╔══

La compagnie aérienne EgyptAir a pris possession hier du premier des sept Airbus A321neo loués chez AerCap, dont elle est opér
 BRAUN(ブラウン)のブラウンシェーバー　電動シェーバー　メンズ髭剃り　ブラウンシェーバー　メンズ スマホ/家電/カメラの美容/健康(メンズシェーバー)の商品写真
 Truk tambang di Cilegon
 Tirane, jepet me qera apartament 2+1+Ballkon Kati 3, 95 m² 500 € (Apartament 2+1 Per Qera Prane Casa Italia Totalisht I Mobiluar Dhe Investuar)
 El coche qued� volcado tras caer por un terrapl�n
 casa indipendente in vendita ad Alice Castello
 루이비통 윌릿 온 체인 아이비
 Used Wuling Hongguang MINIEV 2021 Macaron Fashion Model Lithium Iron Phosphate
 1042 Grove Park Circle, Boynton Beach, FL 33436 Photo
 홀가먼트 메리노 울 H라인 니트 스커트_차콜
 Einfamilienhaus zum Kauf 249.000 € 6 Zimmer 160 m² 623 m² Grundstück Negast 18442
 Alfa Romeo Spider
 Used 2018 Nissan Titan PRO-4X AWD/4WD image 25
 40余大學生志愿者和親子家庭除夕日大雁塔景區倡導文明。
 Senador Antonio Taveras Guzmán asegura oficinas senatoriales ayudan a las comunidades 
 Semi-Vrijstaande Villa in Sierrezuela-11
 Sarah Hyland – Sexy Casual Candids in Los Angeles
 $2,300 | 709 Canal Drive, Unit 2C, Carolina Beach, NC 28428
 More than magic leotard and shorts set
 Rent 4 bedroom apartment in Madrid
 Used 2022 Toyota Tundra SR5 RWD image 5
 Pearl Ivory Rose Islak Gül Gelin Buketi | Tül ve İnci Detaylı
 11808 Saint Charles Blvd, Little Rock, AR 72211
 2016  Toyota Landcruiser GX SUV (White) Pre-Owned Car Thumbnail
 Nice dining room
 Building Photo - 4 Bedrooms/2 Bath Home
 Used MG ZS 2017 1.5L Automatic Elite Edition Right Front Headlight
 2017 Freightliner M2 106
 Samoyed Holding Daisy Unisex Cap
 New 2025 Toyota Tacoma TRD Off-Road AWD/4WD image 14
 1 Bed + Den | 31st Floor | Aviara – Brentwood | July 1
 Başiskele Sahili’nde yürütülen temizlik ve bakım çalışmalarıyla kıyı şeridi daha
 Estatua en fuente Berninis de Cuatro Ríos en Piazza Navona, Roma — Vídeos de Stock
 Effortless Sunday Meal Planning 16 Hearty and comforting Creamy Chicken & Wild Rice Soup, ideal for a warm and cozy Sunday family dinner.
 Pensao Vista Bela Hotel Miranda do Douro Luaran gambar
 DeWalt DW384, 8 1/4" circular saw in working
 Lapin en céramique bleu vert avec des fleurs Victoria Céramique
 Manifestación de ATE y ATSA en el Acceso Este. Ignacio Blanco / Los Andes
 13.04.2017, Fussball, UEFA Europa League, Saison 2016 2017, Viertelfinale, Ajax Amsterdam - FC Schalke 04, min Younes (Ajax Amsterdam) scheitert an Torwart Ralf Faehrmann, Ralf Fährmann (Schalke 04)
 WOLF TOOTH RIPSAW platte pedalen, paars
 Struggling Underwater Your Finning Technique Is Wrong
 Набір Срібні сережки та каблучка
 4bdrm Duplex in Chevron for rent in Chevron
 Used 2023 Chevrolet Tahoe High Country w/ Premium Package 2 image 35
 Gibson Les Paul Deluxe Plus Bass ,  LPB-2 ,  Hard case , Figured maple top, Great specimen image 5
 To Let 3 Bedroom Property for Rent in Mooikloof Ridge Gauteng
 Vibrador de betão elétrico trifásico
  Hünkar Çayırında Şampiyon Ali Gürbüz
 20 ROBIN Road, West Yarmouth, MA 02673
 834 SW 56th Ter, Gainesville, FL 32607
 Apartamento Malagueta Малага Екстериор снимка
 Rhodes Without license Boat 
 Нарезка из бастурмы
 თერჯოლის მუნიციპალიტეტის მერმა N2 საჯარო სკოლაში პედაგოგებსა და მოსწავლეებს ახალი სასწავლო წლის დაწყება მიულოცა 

╚══

● Work to complete: Considering only the material above, set down every line from the one with "루이비통 윌릿 온 체인 아이비" to the one with "4bdrm Duplex in Chevron for rent in Chevron", inclusive, exactly as written.

● Output of the exercise:
 루이비통 윌릿 온 체인 아이비
 Used Wuling Hongguang MINIEV 2021 Macaron Fashion Model Lithium Iron Phosphate
 1042 Grove Park Circle, Boynton Beach, FL 33436 Photo
 홀가먼트 메리노 울 H라인 니트 스커트_차콜
 Einfamilienhaus zum Kauf 249.000 € 6 Zimmer 160 m² 623 m² Grundstück Negast 18442
 Alfa Romeo Spider
 Used 2018 Nissan Titan PRO-4X AWD/4WD image 25
 40余大學生志愿者和親子家庭除夕日大雁塔景區倡導文明。
 Senador Antonio Taveras Guzmán asegura oficinas senatoriales ayudan a las comunidades 
 Semi-Vrijstaande Villa in Sierrezuela-11
 Sarah Hyland – Sexy Casual Candids in Los Angeles
 $2,300 | 709 Canal Drive, Unit 2C, Carolina Beach, NC 28428
 More than magic leotard and shorts set
 Rent 4 bedroom apartment in Madrid
 Used 2022 Toyota Tundra SR5 RWD image 5
 Pearl Ivory Rose Islak Gül Gelin Buketi | Tül ve İnci Detaylı
 11808 Saint Charles Blvd, Little Rock, AR 72211
 2016  Toyota Landcruiser GX SUV (White) Pre-Owned Car Thumbnail
 Nice dining room
 Building Photo - 4 Bedrooms/2 Bath Home
 Used MG ZS 2017 1.5L Automatic Elite Edition Right Front Headlight
 2017 Freightliner M2 106
 Samoyed Holding Daisy Unisex Cap
 New 2025 Toyota Tacoma TRD Off-Road AWD/4WD image 14
 1 Bed + Den | 31st Floor | Aviara – Brentwood | July 1
 Başiskele Sahili’nde yürütülen temizlik ve bakım çalışmalarıyla kıyı şeridi daha
 Estatua en fuente Berninis de Cuatro Ríos en Piazza Navona, Roma — Vídeos de Stock
 Effortless Sunday Meal Planning 16 Hearty and comforting Creamy Chicken & Wild Rice Soup, ideal for a warm and cozy Sunday family dinner.
 Pensao Vista Bela Hotel Miranda do Douro Luaran gambar
 DeWalt DW384, 8 1/4" circular saw in working
 Lapin en céramique bleu vert avec des fleurs Victoria Céramique
 Manifestación de ATE y ATSA en el Acceso Este. Ignacio Blanco / Los Andes
 13.04.2017, Fussball, UEFA Europa League, Saison 2016 2017, Viertelfinale, Ajax Amsterdam - FC Schalke 04, min Younes (Ajax Amsterdam) scheitert an Torwart Ralf Faehrmann, Ralf Fährmann (Schalke 04)
 WOLF TOOTH RIPSAW platte pedalen, paars
 Struggling Underwater Your Finning Technique Is Wrong
 Набір Срібні сережки та каблучка
 4bdrm Duplex in Chevron for rent in Chevron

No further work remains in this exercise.